Provided data -

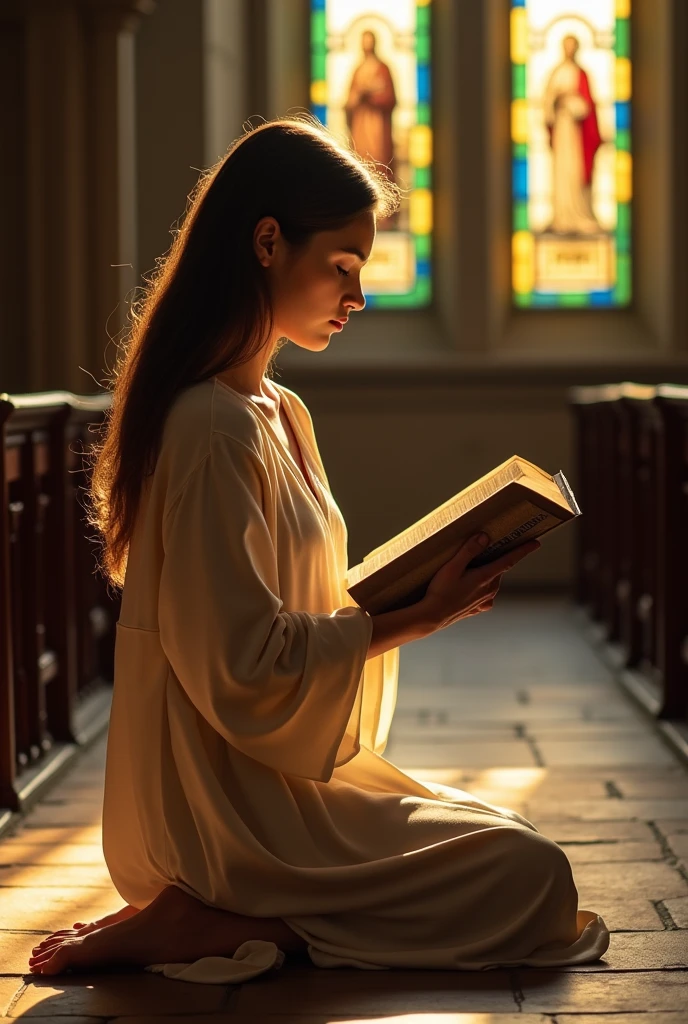 someone praying with a bible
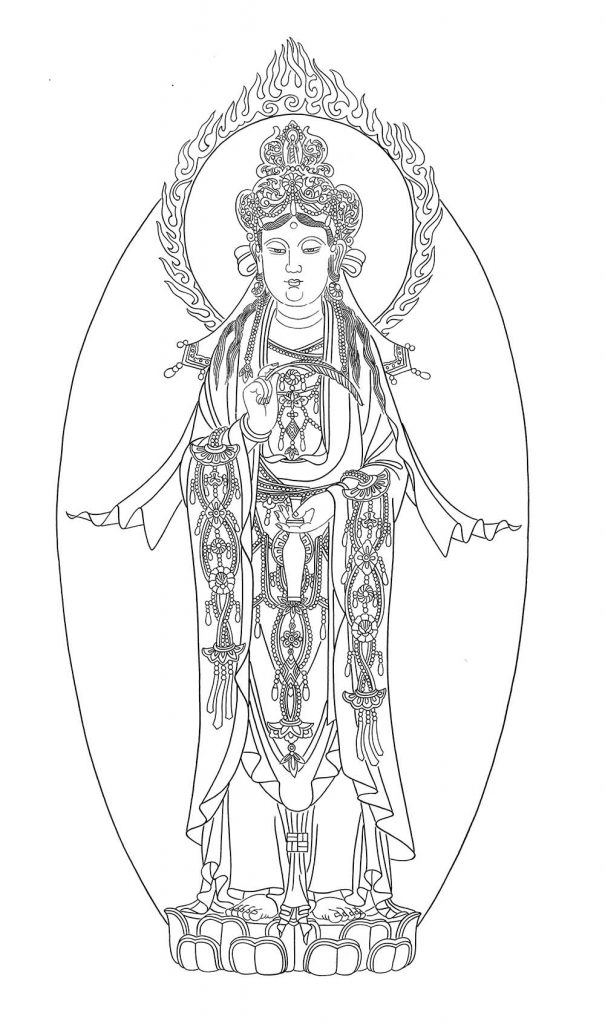沃唐卡-唐卡白描线稿编号RD24294：持莲观音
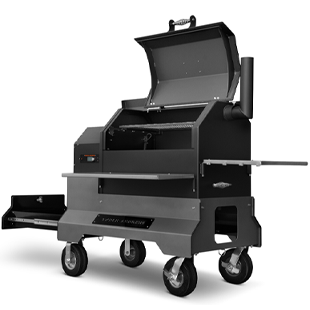 YS640S Yoder Smokers Adaptive Control System - with Yfi. Competition Pellet Grill with Stainless Steel Shelves and drawer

Exercise brief -
Retype the lines above exactly, no pictures.

Solution -
 someone praying with a bible
沃唐卡-唐卡白描线稿编号RD24294：持莲观音
 YS640S Yoder Smokers Adaptive Control System - with Yfi. Competition Pellet Grill with Stainless Steel Shelves and drawer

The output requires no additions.